Talk
Optimising laser ablation-based methods for long sea surface temperature proxy reconstructions from coral skeletons
Thomas Arney, Christopher Standish, Hunter Hughes, Jens Zinke, and Gavin Foster
Geochemistry Group Research in Progress meeting, Bristol, UK ()
Abstract
As reef-forming stony corals grow, they incorporate trace elements into their carbonate skeletons. The proportions of these trace elements to calcium or to each other (e.g. Sr/Ca, Li/Mg) vary in large part due to the ambient water temperature. Well-dated cores can therefore provide long records of sea surface temperature (SST), spanning tens to hundreds of years. After calibration with recent observation-based SST data, these proxies enable the extension of temperature records beyond the range of reliable instrumental data, potentially providing vital quantification of the preindustrial period and beyond. However, such long time-series require high-throughput yet precise measurement of the trace elemental composition of the coral skeleton. Here we show that laser ablation inductively-coupled plasma mass spectrometry (LA-ICPMS) is a viable alternative to established micro-milling and solution-based sampling and measurement techniques, but with higher resolution and much higher throughput. Accuracy and precision of LA-ICPMS data is improved by reporting the average of a small number of parallel, laterally-spaced laser transects, each scaled and/or offset to align uneven growth banding.
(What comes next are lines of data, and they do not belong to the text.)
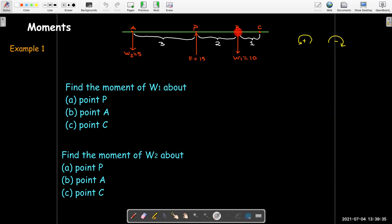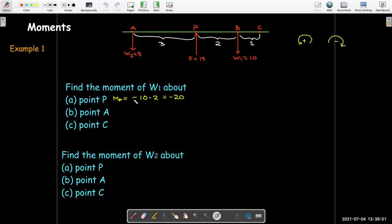The moment of w1 about point P: w1 acts at b, so the distance from P to b is 2. It pushes the line segment down causing clockwise rotation, giving a negative moment: −10 × 2 = −20. About point A, the moment arm is 5, still clockwise, giving −50, a much larger moment. About point C, w1 causes counterclockwise rotation, so it's positive: 10 × 1 = 10.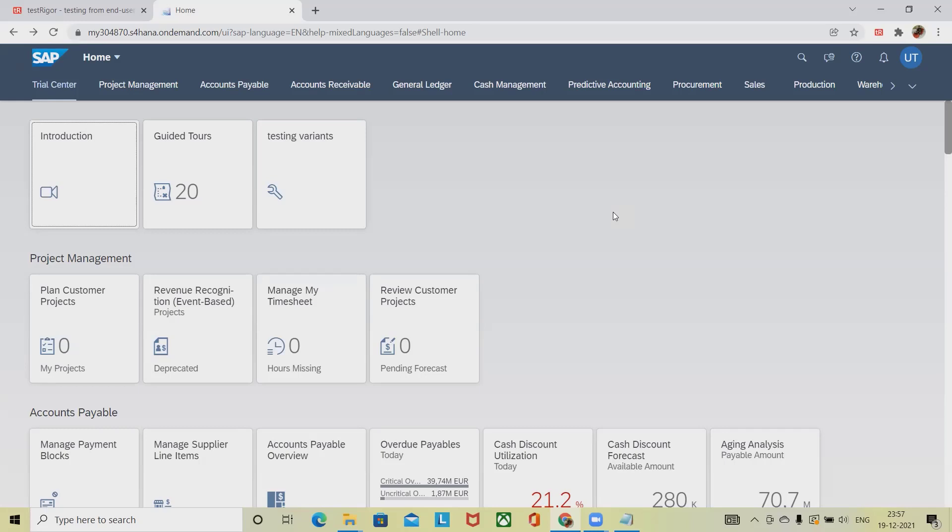Welcome to raigorkul.com. In this video we will discuss how to automate SAP processes using Test Trigger. Test Trigger is an intelligent automation tool where we can automate our manual activities very effectively.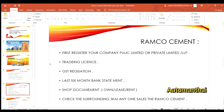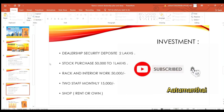You can register for GST registration. You can submit a bank statement for the last 6 months, then you can submit a shop document. If you have a bank statement, you can submit a lease or rent agreement. You can register for a purchase.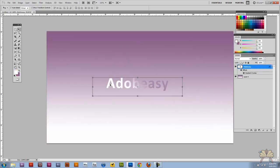That's it. That's gradients in Adobe Photoshop CS5. I hope you guys enjoyed this tutorial. I'll see you guys later. Cheers.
To counter instrumental drift and improve accuracy and reproducibility within and between long measurement sessions, we implement a data reduction scheme using time-varying regressions of measured and reference element-to-calcium ratios in multiple matrix-matched reference materials. Using these LA-ICPMS methods, a 100-year SST reconstruction at sub-monthly resolution from over a metre of core could be generated in around 24 hours of instrument time and with minimal sample preparation. Given that replication using nearby coral cores is key for reliable reconstructions of SST (Sayani et al., 2019), applying this workflow to long coral cores from suitable locations would enable significantly improved estimations of global temperatures in the pre- and early instrument era.